福本清三
ふくもとせいぞう
1943年(昭和18年)、兵庫県出身。通称「5万回斬られた男」。
1959年(昭和34年)に東映京都撮影所に入社し、台詞が覚えられないため大部屋俳優として数多くの時代劇に斬られ役として参加。現代劇でも、映画「仁義なき戦い」を始め、ヤクザ映画や刑事ドラマに多数出演している。「仁義なき戦い~広島死闘篇」ではチンピラとして登場し、「膝を落とした状態で撃たれ、一回転して倒れる」と言う超人的なやられシーンを演じている。
斬られた際に一瞬の溜めを置いてからのけぞって倒れる「海老反り」が特徴的で、時代劇マニアの間では知る人ぞ知る存在だったが、1990年代あたりから徐々に名が知られるようになり、2003年(平成15年)の映画「ラストサムライ」でトム・クルーズと競演するに至り、一気に脚光を浴びた。その後、NHKで特集が組まれたり、NHKの時代劇で福本演じる悪役が主演の回があったりした後、2014年にはキャリアで初の主演作となる映画「太秦ライムライト」が公開された。
「たとえ華やかな仕事でなくても、真面目にコツコツと働いていれば、いつかは評価される」ことの代名詞として福本の名前を挙げる評論家や教育関係者もおり、教科書で目にした人も多いと思われる。
2021年(令和3年)1月1日、肺がんにより享年77歳でこの世を去った。
ちなみに、生前福本氏本人は「チャップリンの命日がクリスマスやから、僕はお正月にしたい。」と語っており、言葉通りに斬られ役の数々の伝説を残して旅立った。
通称「福ちゃん」「先生」。某時代劇などでラス立ちに度々登場。劇中のラス立ちでは浪人や家臣の姿でよく登場する。また、ラス立ちの他にも、役名がある回に登場。時代劇視聴記のホームページでは、みんなから「福ちゃん」や「福本先生」などたくさんの回にラス立ちなどの出演や登場などが載っている。特に、ラス立ちでは俳優がぶっ叩かれる時に「うわぉ」や「おおっ」「おわぁ」などの呻き声が度々ある。ぶっ叩かれた後は何回も復活するシーンがよくある。特に、某時代劇のラス立ちでのキャストクレジットの氏名はあまり載っていない。

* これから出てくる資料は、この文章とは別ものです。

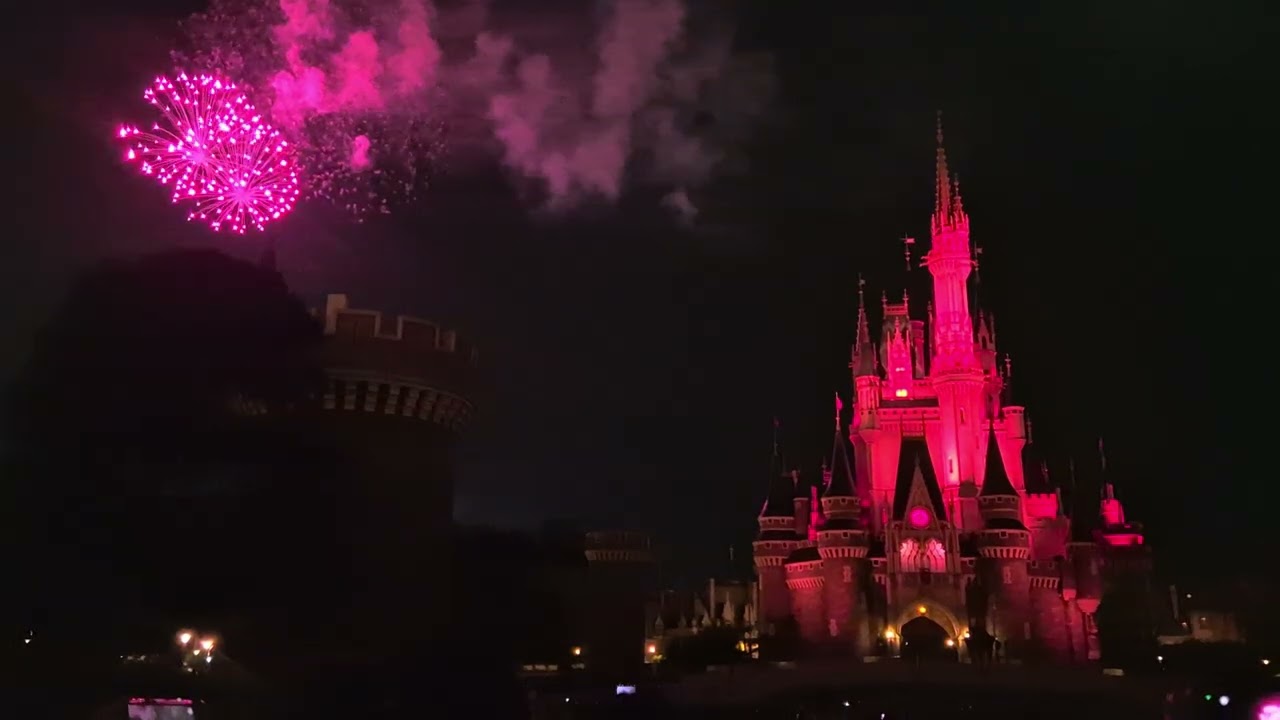 [COMPLETE] Sky Full of Colors - Tokyo Disneyland 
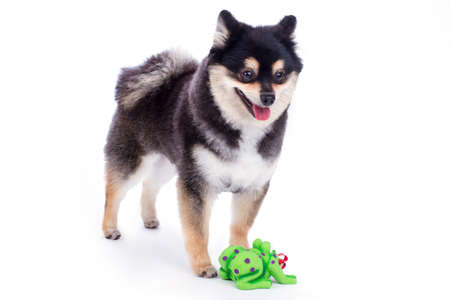 Black pomeranian spitz, white background. Pedigree black and white dog with green toy isolated on white background.の写真素材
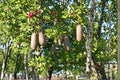 Sausage Tree Seeds – Kigelia africana – Tropical Garden Tree for Outdoor Planting in Warm Climates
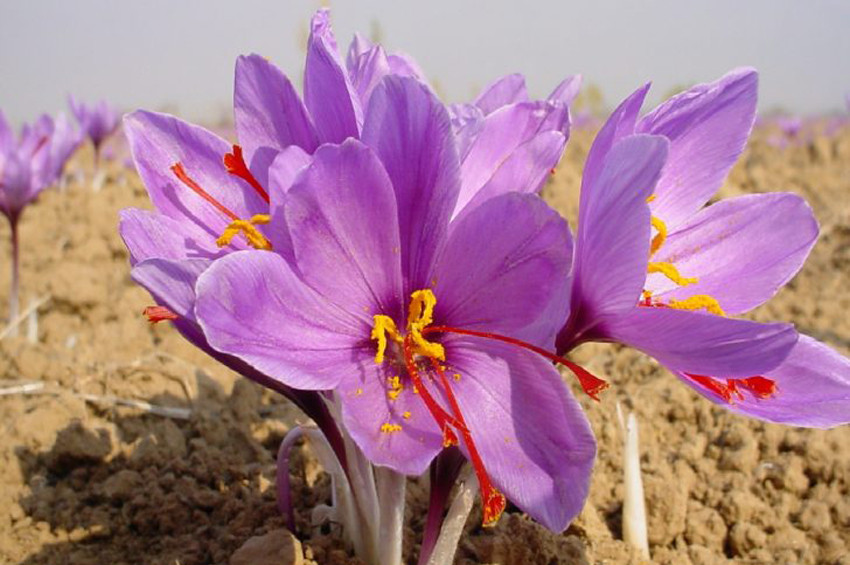 Safran Çukurovada toprakla buluştu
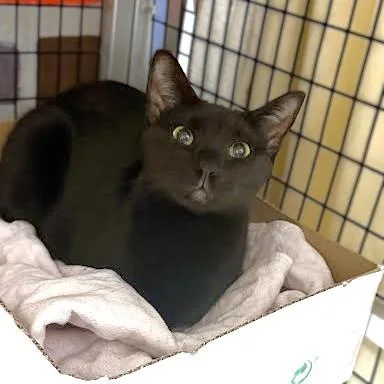 An adult large-sized male Domestic Short Hair cat named Ollie for adoption in Washington, DC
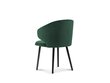 2 tooli komplekt Windsor ja Co Nemesis, roheline цена и информация | Söögitoolid, baaritoolid | kaup24.ee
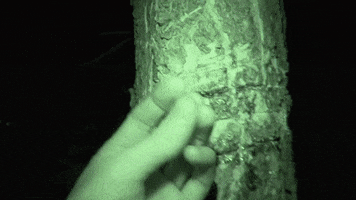 sasquatch GIF by Ice Cube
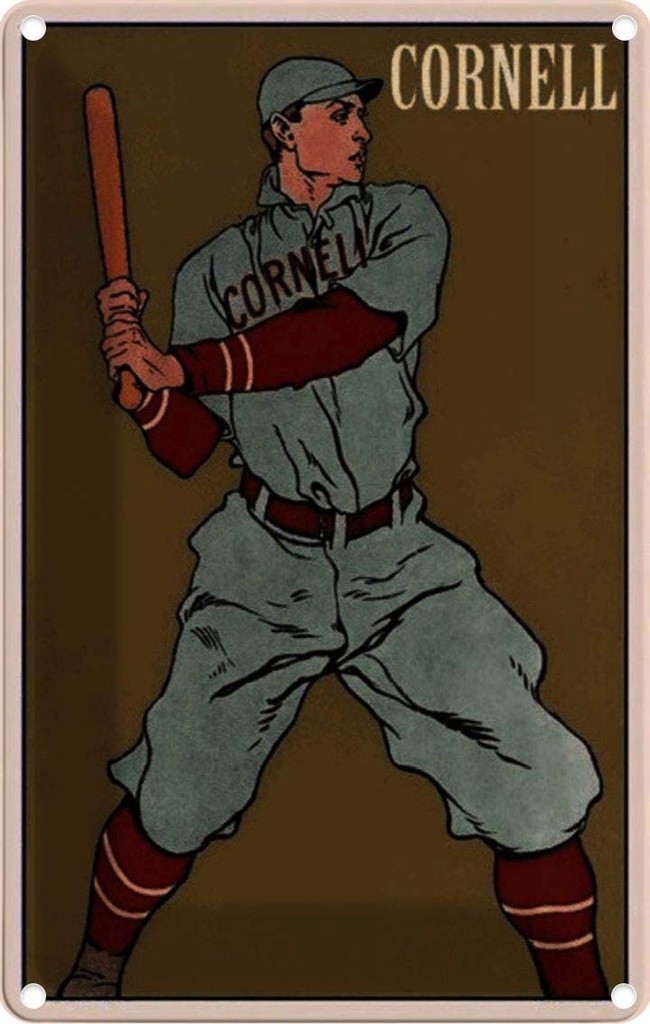 [LA-113898-2030] Blechschild 30x20 cm Cornell Baseball Schlagmann Sport Hobby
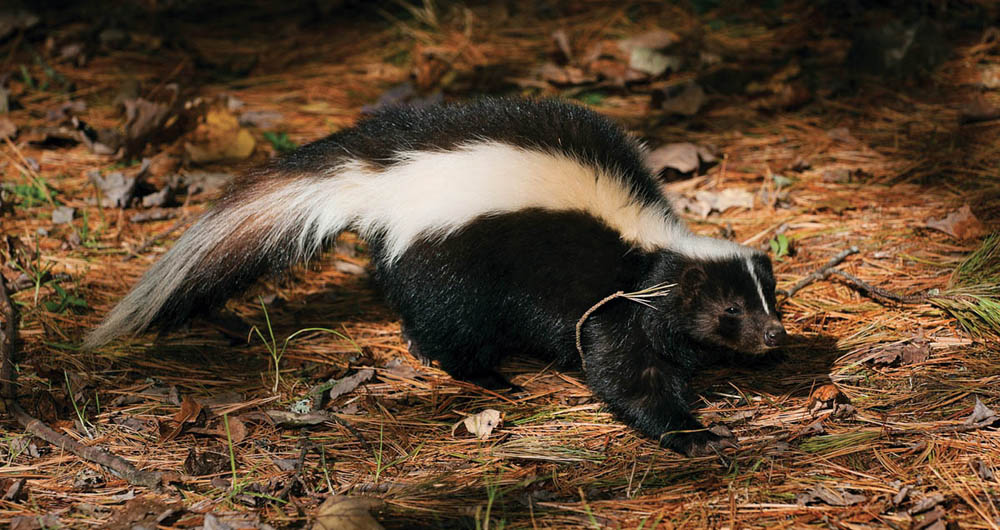 Photo of a striped skunk on a pine-needled coated forest floor. The skunk is black with a thick white stripe fron the top of its head to the tip of its tail. The stripe continues from the head to the tip of the nose, but as a very thin line.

朝日放送の「探偵!ナイトスクープ」で、視聴者から「いつも時代劇で出てくる名前もわからない、先生と呼ばれる用心棒の斬られ役の役者さんの事が知りたい。できるなら徹子の部屋に出演させてあげたい」という依頼を受け、桂小枝探偵が京都太秦の撮影所に行ってそれが福本清三であることを突き止めるが、当時は無名に近い彼をいきなり徹子の部屋の出演は無理があるとして、桂小枝が黒柳徹子に扮し、本物の徹子の部屋のセットでロケを行ったが……これだけで話は終わらなかった。
なんとその場に黒柳本人が現れ、事情を聞くうちに「斬られ役」というものに興味を持った事で本当に徹子の部屋への出演が決まったのである。。
これで福本清三の名前が大きく広まったのだった。
今や彼のトレードマークというべき浪人姿は一目でわかるほどであり、ファンからの愛称は「先生」が定着したぐらいである。
絶妙な痩せ具合、メイクによる眼光の鋭さがいかにもなアウトロー感と凄みを醸し出しているのはまさに彼のキャリアと斬られ役の美学の賜物である。
一躍脚光を浴びる切っ掛けとなった「ラストサムライ」では、寡黙な名も無きサムライ(エンドクレジットでは「Silent samurai」という役名)を好演した。寡黙だったのは彼が英語のセリフを覚えられなかったからだという。
役どころとしては、トム・クルーズ演じる主人公ネイサン・オールグレンの護衛兼監視役として彼の傍に控える無口な老侍といったポジションであり、役柄の関係上、出番も見せ場も過去作とは比べ物にならないぐらい多い。
本作における彼は不平士族…現代風に言えば反政府勢力の一員であるため、いつもの浪人姿ではなく、眼光の鋭さといったアウトロー感も控えめである(本作での彼は、どちらかと言うと穏やかで泰然とした人物を演じている)が、いざ戦闘となると数々の修羅場をくぐり抜けてきたであろう風格を見せ、まさしく「手練れ」と表現するに相応しいサムライ像を演じている。
加えて、最後のシーンではこれまで培ってきた斬られ役としての本領を発揮(ちなみに、この時一言だけセリフを喋っている)。
セリフは少なくとも、その姿とアクションで見事にその存在感を魅せつけた。